> _Task_: None of the pictures should appear; the lines from the line containing "Easily Distracted By Cows Keychain" through the last line of the listing must be repeated exactly.

> _Data shown_:
*** Begin section ***

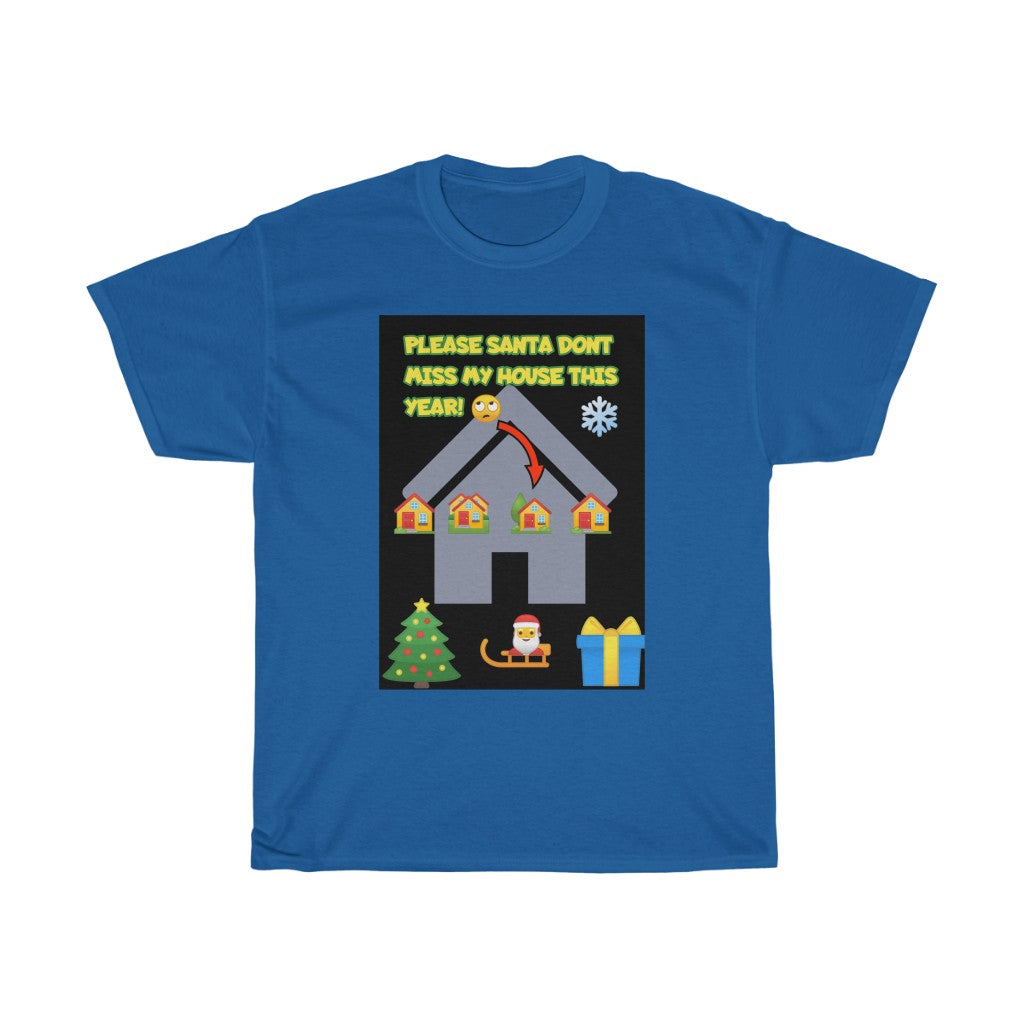 Five Toes Down My House Christmas Unisex Tee
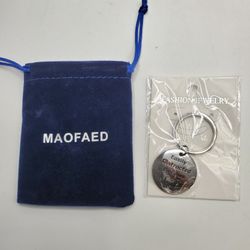 Easily Distracted By Cows Keychain 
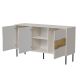 4. INSERTO 3D chest of drawers 143.5x40x80 cashmere + LED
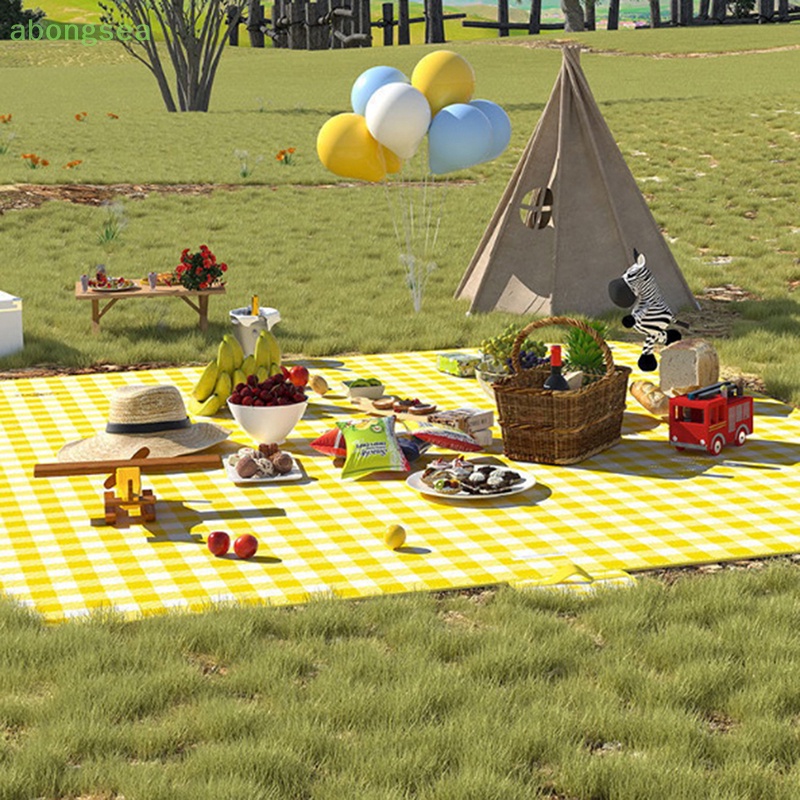 Abongsea Thảm Dày Chống Thấm Nước Có Thể Gấp Gọn Tiện Dụng Mang Theo Du Lịch Cắm Trại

*** End section ***

> _Solution for this task_:
 Easily Distracted By Cows Keychain 
 4. INSERTO 3D chest of drawers 143.5x40x80 cashmere + LED
 Abongsea Thảm Dày Chống Thấm Nước Có Thể Gấp Gọn Tiện Dụng Mang Theo Du Lịch Cắm Trại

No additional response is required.